Two men have been accused of attacking a frail elderly man who was allegedly held at knifepoint and beaten with his own walking stick during a house raid in Dublin.

Lee McDonnell, 29, of Colepark Green, Ballyfermot, and Alan Downey, 38, of Colepark Road, Ballyfermot, in west Dublin, were refused bail today.

They were charged with assault causing harm and burglary at the home of a 73-year-old neighbour of Downey in the early hours of Friday.

They appeared before Judge David McHugh at Dublin District Court for evidence of arrest, charge, and caution, and for a contested bail hearing.

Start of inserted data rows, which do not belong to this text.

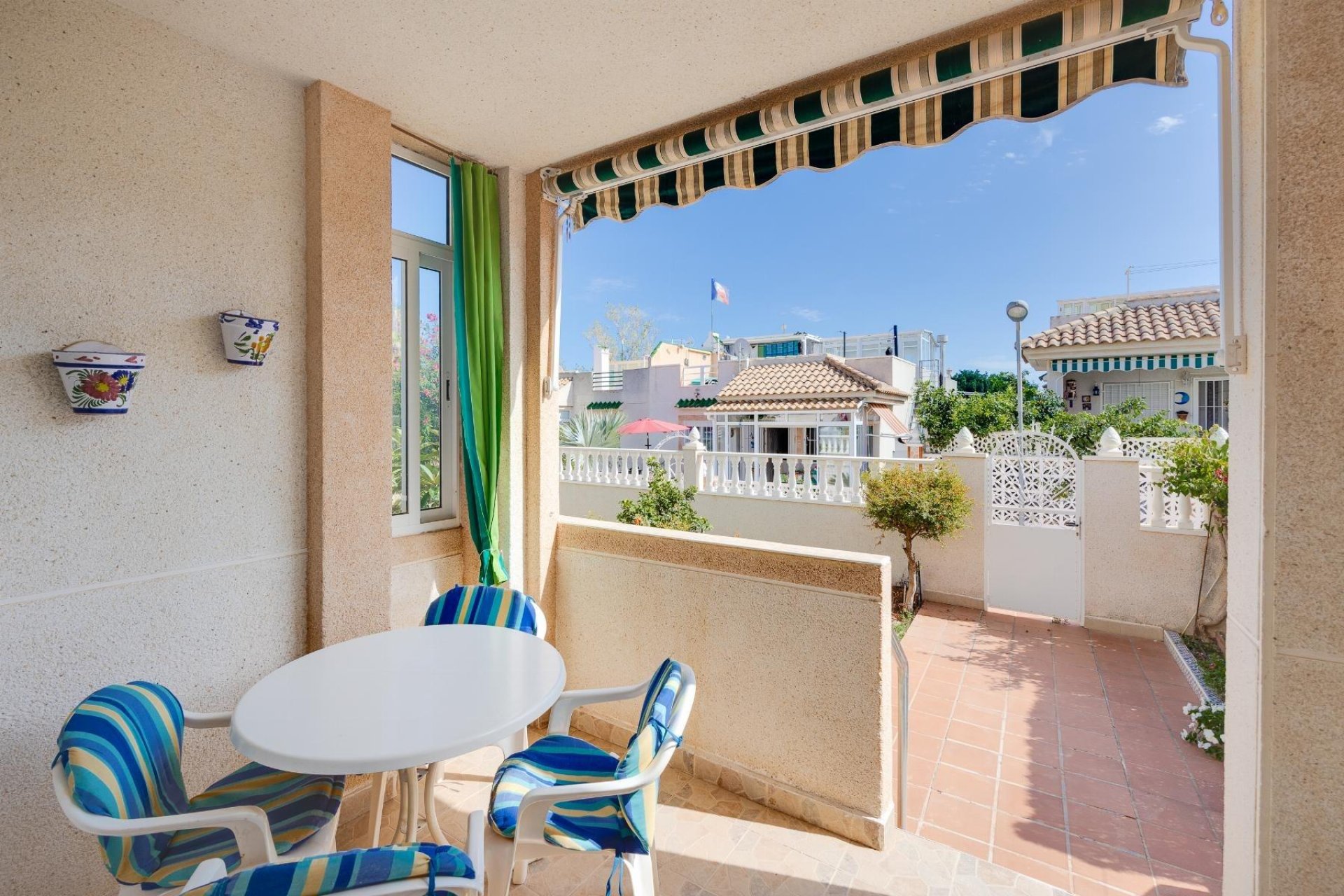 Reventa - Bungalow - Orihuela Costa - Las Filipinas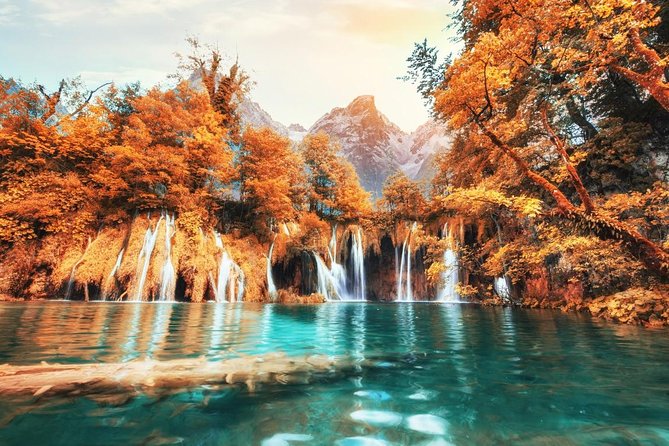 Plitvice Lakes Day Trip From Zadar and Biograd - Good To Know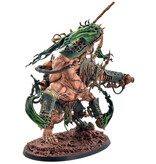 Games Workshop SKAVEN Thanquol and Boneripper #1 COMMISSION PRO PAINTED Sigmar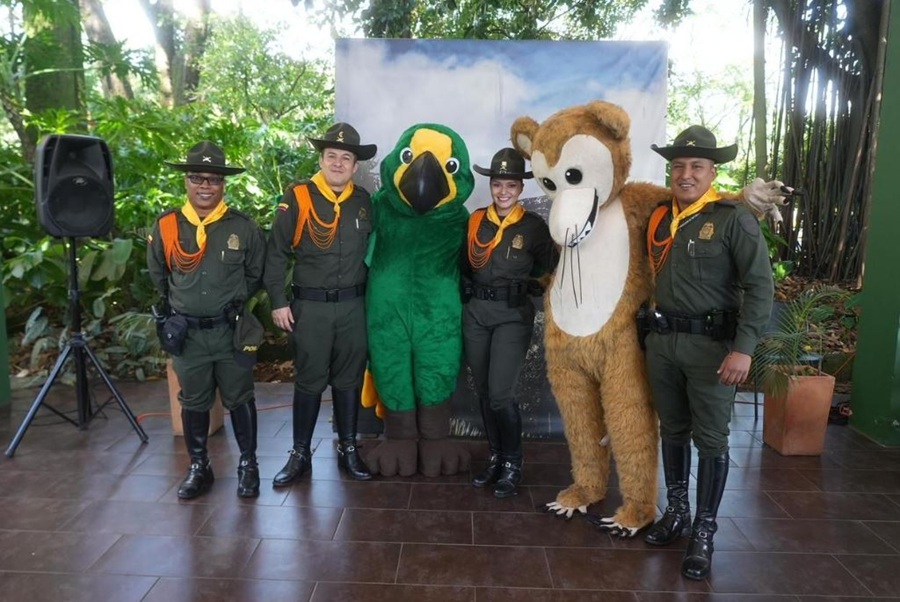 corantioquia y semana santa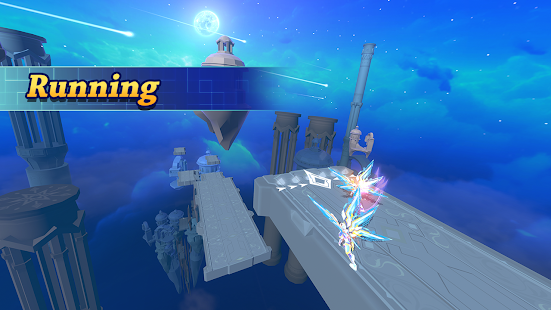 Sky Dancer 2 Screenshot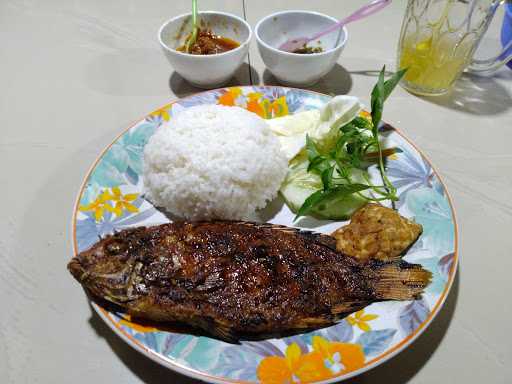 Ayam Bakar Kang Delo 3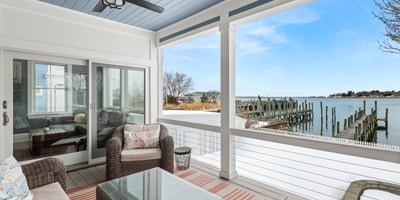 88 Water Street, Stonington, CT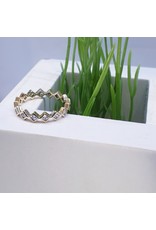 RGF0124-Gold,  Ring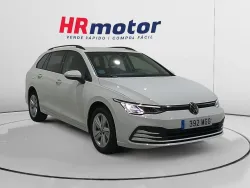 Volkswagen Golf Variant 2.0TDI 85kW Life DSG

Garda Erica Delaney cited the seriousness of the case as a reason for opposing their bail applications.

She told the court the complainant was a “frail and sick elderly man”.

It was alleged at 2am two men called to his home. It was alleged that he knew Downey but not the second person.

The court heard it would be alleged they pushed their way into his home and threatened him.

Judge McHugh was told one had a knife and threatened the pensioner while the second man was armed with a screwdriver.

It was alleged they “launched an attack” on the elderly man and pulled him by his hair.

The court heard it was claimed they “beat him with his own walking stick, and it broke as a result”.

A demand for €6,000 was made, it was alleged.

Lee McDonnell was arrested along with Downey on Friday night. The court heard they were at the home of Downey, who is a neighbour of the elderly man.

Garda Delaney said 10 €5 notes were found in McDonnell’s jacket and it was alleged they came from the complainant's home.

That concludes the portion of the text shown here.